I'm studying a Galois Theory module in my undergraduate maths course, and the following theorem has come up:
Let $\mathbb{K} \subseteq \mathbb{F}$ be a field extension where
(a) $\mathbb{K}$ is finite
or
(b) $\mathbb{K}$ is infinite and $\mathbb{K} \subseteq \mathbb{F}$ is separable.
Then $\mathbb{F} = \mathbb{K}(\theta)$ for some $\theta \in \mathbb{F}$
This seems to make sense to me, but then I thought of the field of algebraic integers over $\mathbb{Q}$.
If the theorem is true, it suggests that we should have some element in the field of algebraic integers $\mathbb{O}_k$ whose minimal polynomial over $\mathbb{Q}$ has a repeated root.
If this were not the case, the field extension would be separable, and $\mathbb{O}_k$ would, according to the theorem, be a simple extension of the field $\mathbb{Q}$, which is obviously isn't, because $\mathbb{O}_k$ has infinite dimension as a vector space over $\mathbb{Q}$.
Can anyone provide me with an example of such an element of $\mathbb{O}_k$?

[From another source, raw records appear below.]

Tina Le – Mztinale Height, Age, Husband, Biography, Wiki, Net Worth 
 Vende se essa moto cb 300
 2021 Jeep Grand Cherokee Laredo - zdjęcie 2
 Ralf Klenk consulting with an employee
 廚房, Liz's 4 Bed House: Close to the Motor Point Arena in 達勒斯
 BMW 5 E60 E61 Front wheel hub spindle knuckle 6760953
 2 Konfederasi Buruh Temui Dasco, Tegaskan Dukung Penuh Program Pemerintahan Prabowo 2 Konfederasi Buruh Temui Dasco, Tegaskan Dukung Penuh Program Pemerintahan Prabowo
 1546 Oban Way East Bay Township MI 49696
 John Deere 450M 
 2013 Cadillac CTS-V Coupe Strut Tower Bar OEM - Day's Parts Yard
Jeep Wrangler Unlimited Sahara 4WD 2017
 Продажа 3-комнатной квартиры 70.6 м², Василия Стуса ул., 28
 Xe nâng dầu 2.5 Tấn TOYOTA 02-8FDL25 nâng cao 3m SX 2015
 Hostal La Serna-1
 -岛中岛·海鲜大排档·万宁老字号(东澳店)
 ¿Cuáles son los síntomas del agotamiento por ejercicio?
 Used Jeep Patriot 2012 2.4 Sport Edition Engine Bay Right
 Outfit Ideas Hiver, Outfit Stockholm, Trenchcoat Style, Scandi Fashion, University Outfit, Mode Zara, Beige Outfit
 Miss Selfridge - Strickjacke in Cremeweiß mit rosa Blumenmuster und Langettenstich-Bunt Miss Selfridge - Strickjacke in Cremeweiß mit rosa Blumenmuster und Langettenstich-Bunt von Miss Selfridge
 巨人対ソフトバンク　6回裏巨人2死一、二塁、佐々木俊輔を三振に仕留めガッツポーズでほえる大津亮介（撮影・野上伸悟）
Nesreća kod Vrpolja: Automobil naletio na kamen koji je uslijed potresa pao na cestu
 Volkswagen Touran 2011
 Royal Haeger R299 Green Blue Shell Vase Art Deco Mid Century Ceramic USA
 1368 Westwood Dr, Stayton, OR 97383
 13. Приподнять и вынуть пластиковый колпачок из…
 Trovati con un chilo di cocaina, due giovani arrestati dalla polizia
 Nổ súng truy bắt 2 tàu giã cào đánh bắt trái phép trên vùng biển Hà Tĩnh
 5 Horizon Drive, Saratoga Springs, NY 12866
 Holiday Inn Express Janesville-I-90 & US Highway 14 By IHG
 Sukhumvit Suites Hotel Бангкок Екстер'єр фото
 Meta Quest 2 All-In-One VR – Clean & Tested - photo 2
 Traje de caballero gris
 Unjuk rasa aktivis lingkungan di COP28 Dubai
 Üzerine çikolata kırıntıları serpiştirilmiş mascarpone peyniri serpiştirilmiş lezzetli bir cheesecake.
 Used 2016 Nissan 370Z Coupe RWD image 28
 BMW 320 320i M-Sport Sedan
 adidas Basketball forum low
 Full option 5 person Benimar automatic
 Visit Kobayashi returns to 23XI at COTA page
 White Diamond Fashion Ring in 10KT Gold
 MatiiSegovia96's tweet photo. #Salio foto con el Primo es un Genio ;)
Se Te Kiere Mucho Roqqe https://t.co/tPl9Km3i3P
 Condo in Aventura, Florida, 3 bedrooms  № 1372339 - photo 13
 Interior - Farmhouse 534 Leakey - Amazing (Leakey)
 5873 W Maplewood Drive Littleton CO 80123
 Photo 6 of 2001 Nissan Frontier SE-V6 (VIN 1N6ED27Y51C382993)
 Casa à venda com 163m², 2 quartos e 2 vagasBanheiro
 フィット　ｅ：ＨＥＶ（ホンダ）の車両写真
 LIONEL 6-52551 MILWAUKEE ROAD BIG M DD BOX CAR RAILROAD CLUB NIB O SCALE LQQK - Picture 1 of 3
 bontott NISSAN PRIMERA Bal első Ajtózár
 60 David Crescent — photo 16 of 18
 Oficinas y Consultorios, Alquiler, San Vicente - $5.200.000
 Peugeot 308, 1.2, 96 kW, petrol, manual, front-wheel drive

I believe you make a confusion, the result that you seem to quote is the primitive element theorem which says that if an extension is finite and separable, it is generated by an element.
As you point out neither infinite algebraic infinite extensions are generated by an element nor every finite algebraic extension. For the last part of this assertion, see the counterexample section in the link.